Re: [PATCH RFC] memcg: close the race window between OOM detection and killing

Tejun Heo <tj@xxxxxxxxxx> · Thu, 4 Jun 2015 04:36:39 +0900

Hey, Michal.

On Wed, Jun 03, 2015 at 04:44:14PM +0200, Michal Hocko wrote:
> The race does exist in the global case as well AFAICS.
> __alloc_pages_may_oom
>   mutex_trylock
>   get_page_from_freelist # fails
>   <preempted>				exit_mm # releases some memory
>   out_of_memory
>   					  exit_oom_victim
>     # No TIF_MEMDIE task so kill a new

Hmmm?  In -mm, if __alloc_page_may_oom() fails trylock, it never calls
out_of_memory().

> The race window might be smaller but it is possible in principle.
> Why does it make sense to treat those two in a different way?
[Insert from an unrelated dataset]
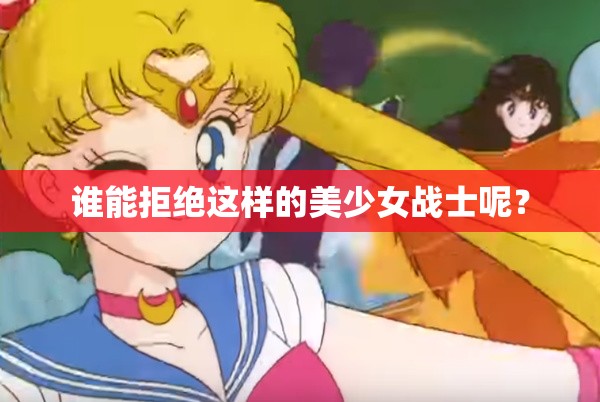 谁能拒绝这样的美少女战士呢？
The main difference here is that the alloc path does the whole thing
synchrnously and thus the OOM detection and killing can be put in the
same critical section which isn't the case for the memcg OOM handling.

> > The only reason memcg OOM killer behaves asynchronously (unwinding
> > stack and then handling) is memcg userland OOM handling, which may end
> > up blocking for userland actions while still holding whatever locks
> > that it was holding at the time it was invoking try_charge() leading
> > to a deadlock.
> 
> This is not the only reason. In-kernel memcg oom handling needs it
> as well. See 3812c8c8f395 ("mm: memcg: do not trap chargers with
> full callstack on OOM"). In fact it was the in-kernel case which has
> triggered this change. We simply cannot wait for oom with the stack and
> all the state the charge is called from.
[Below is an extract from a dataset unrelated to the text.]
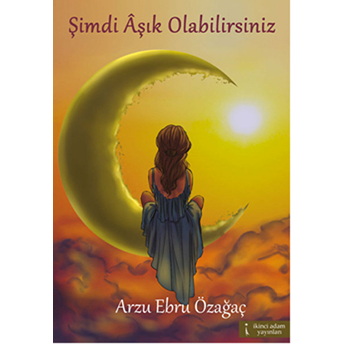 Şimdi Aşık Olabilirsiniz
Why should this be any different from OOM handling from page allocator
tho?  That can end up in the exact same situation and currently it
won't be able to get out of such situation - the OOM victim would be
stuck with OOM_SCAN_ABORT and all subsequent OOM invocations wouldn't
do anything due to OOM_SCAN_ABORT.

The solution here seems to be timing out on those waits.  ie. pick an
OOM victim, kill it, wait for it to exit for enough seconds.  If the
victim doesn't exit, ignore it and repeat the process, which is
guaranteed to make progress no matter what and appliable for both
allocator and memcg OOM handling.

> > IOW, it'd be cleaner to do everything synchronously while holding
> > oom_lock with timeout to get out of rare deadlocks.
> 
> Deadlocks are quite real and we really have to unwind and handle with a
> clean stack.

Yeah, they're real but we can deal with them in a more consistent way
using timeouts.

> > Memcg OOM killings are done at the end of page fault apart from OOM
> > detection.  This allows the following race condition.
> > 
> > 	Task A				Task B
> > 
> > 	OOM detection
> > 					OOM detection
> > 	OOM kill
> > 	victim exits
> > 					OOM kill
> > 
> > Task B has no way of knowing that another task has already killed an
> > OOM victim which proceeded to exit and release memory and will
> > unnecessarily pick another victim.  In highly contended cases, this
> > can lead to multiple unnecessary chained killings.
> 
> Yes I can see this might happen. I haven't seen this in the real life
> but I guess such a load can be constructed. The question is whether this
> is serious enough to make the code more complicated.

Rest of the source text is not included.